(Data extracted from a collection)
Content starts

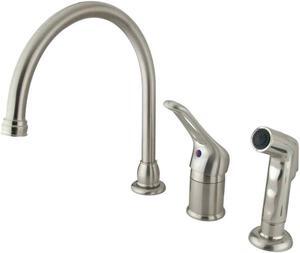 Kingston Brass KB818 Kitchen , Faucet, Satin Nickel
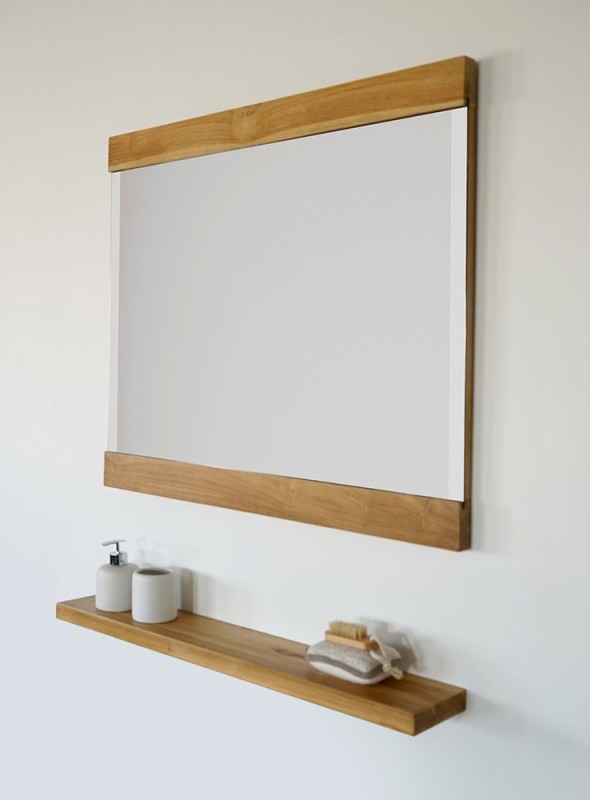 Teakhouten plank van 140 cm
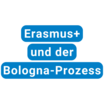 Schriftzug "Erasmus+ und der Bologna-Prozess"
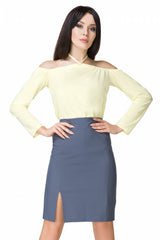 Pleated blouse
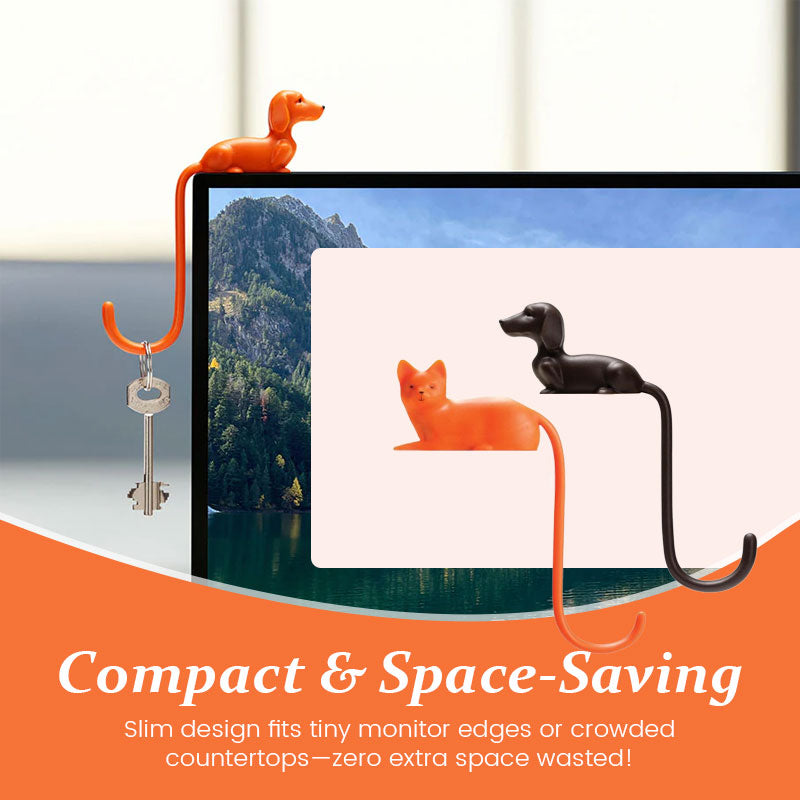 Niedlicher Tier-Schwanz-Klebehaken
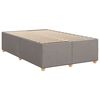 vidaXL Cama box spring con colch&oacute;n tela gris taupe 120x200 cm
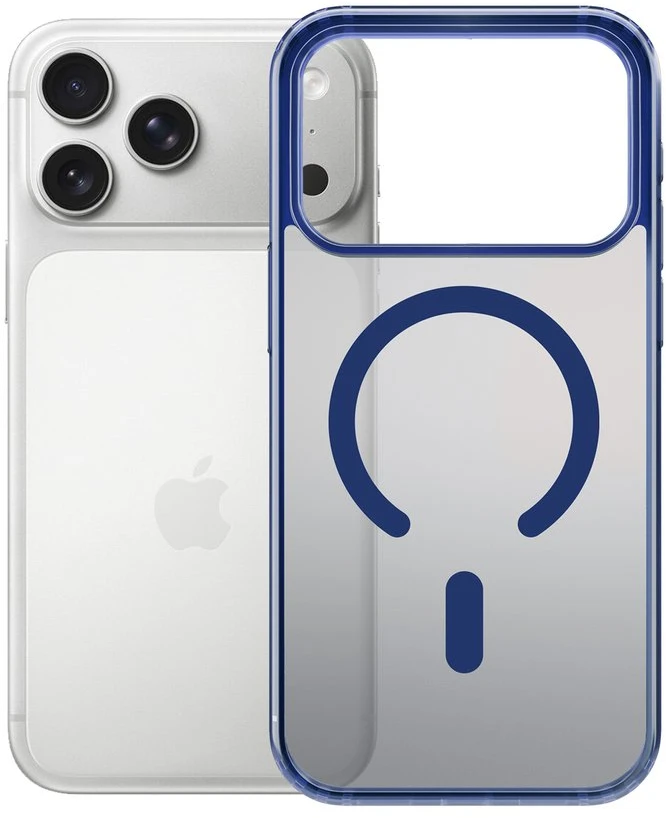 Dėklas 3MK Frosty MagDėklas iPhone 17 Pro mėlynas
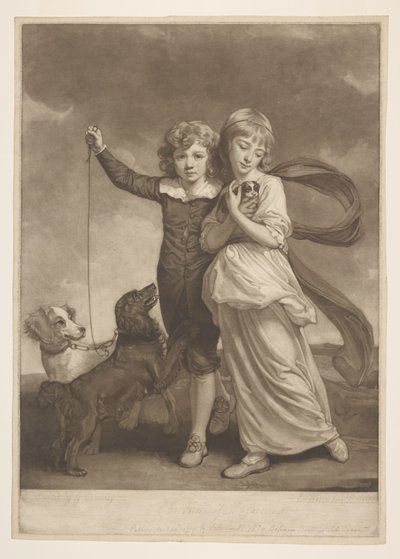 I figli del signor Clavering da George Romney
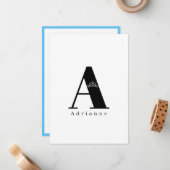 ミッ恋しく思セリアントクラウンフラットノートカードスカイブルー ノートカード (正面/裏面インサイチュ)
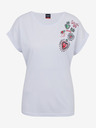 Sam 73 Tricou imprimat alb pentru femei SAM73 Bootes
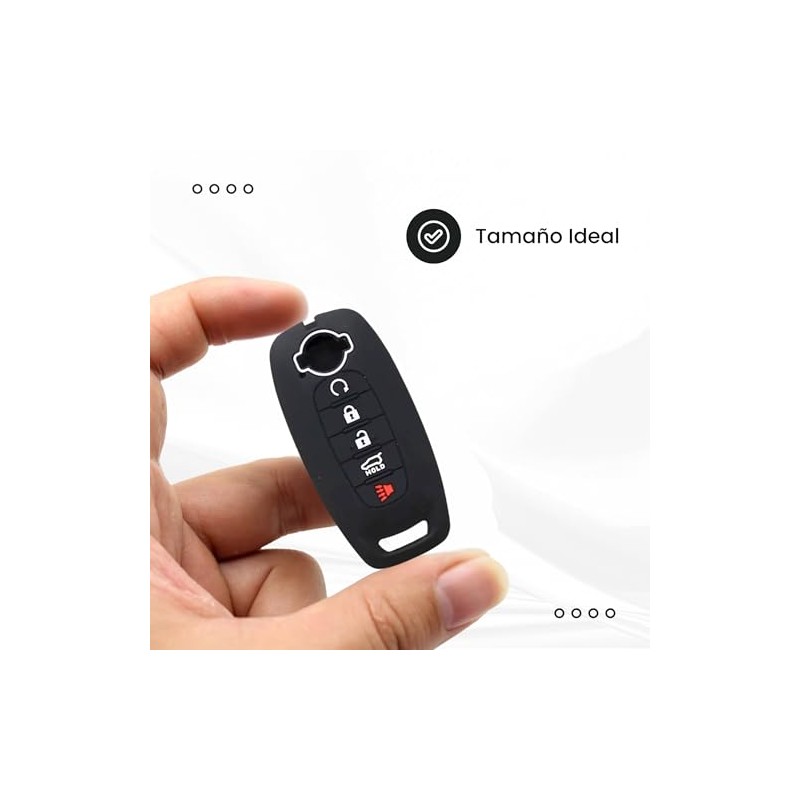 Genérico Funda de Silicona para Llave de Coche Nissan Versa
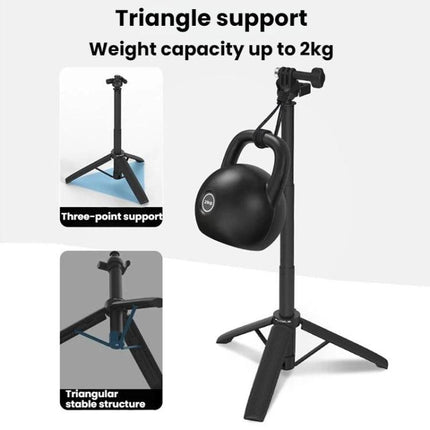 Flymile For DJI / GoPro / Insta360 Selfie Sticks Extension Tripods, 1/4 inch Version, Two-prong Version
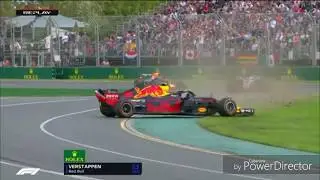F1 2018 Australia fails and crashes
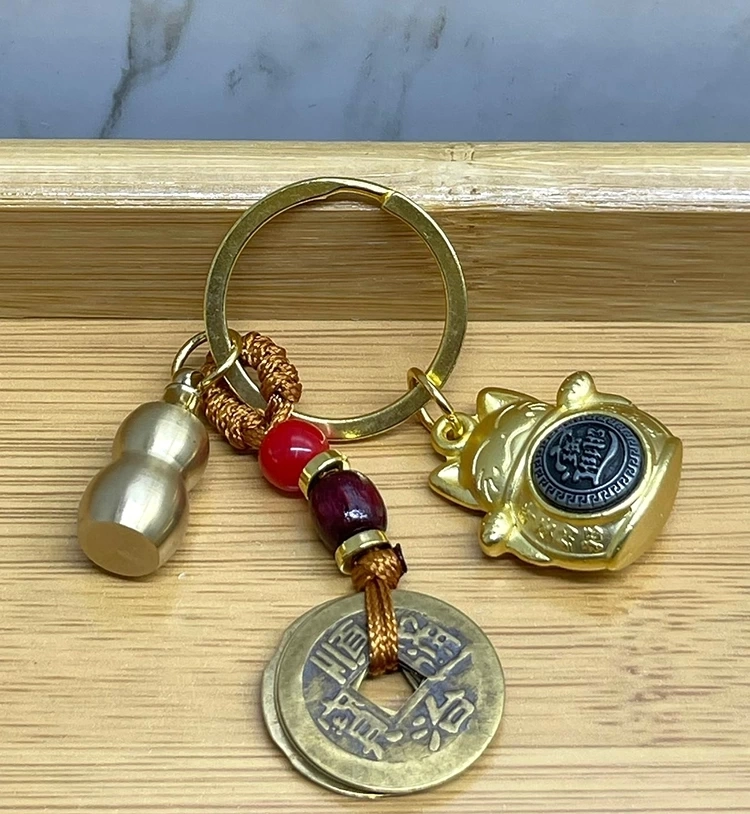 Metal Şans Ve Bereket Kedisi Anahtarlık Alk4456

Content ends

* [TASK DETAILS]:
The answer should contain only the lines from the start of the records above through the line with "I figli del", copied exactly, and no pictures.

* [RESPONSE TO THE EXERCISE]:
 Kingston Brass KB818 Kitchen , Faucet, Satin Nickel
 Teakhouten plank van 140 cm
 Schriftzug "Erasmus+ und der Bologna-Prozess"
 Pleated blouse
 Niedlicher Tier-Schwanz-Klebehaken
 vidaXL Cama box spring con colch&oacute;n tela gris taupe 120x200 cm
 Dėklas 3MK Frosty MagDėklas iPhone 17 Pro mėlynas
 I figli del signor Clavering da George Romney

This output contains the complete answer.